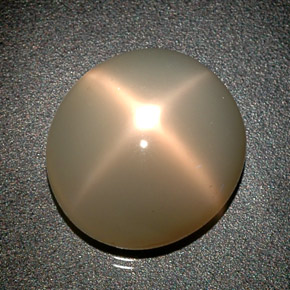 Star Moonstone Gemstone in 13.9 x 12.9 mm Size for Sale, Star Moonstone Stone in Orange Cream Color
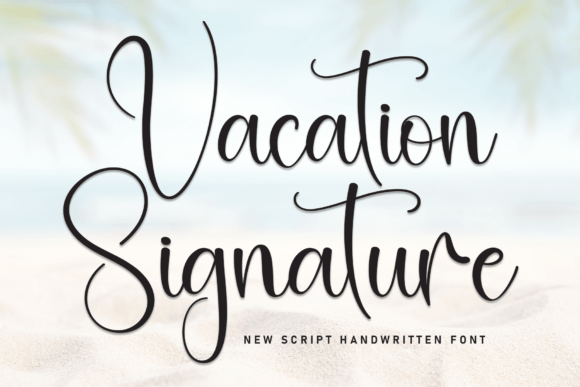 Vacation Signature: A Delicate Handwritten Font for Web Design
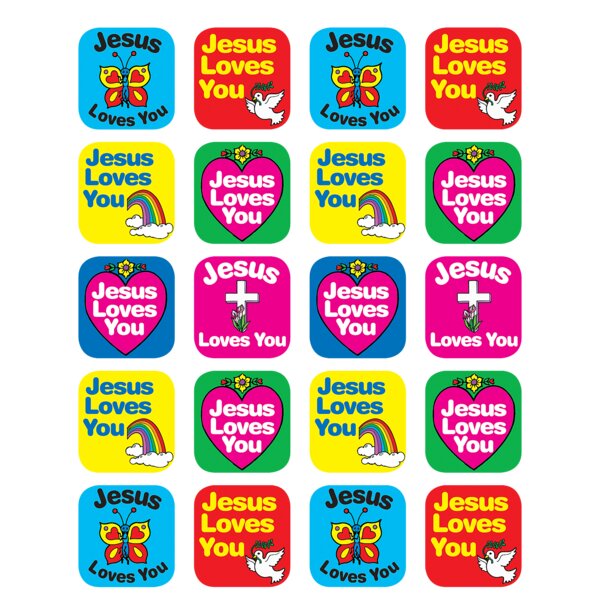 TCR7020 Jesus Loves You Stickers Image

+===+

> Work request
Pictures are to be left out. Otherwise, copy the material above exactly.

> Exercise solution
 Star Moonstone Gemstone in 13.9 x 12.9 mm Size for Sale, Star Moonstone Stone in Orange Cream Color
 Vacation Signature: A Delicate Handwritten Font for Web Design
 TCR7020 Jesus Loves You Stickers Image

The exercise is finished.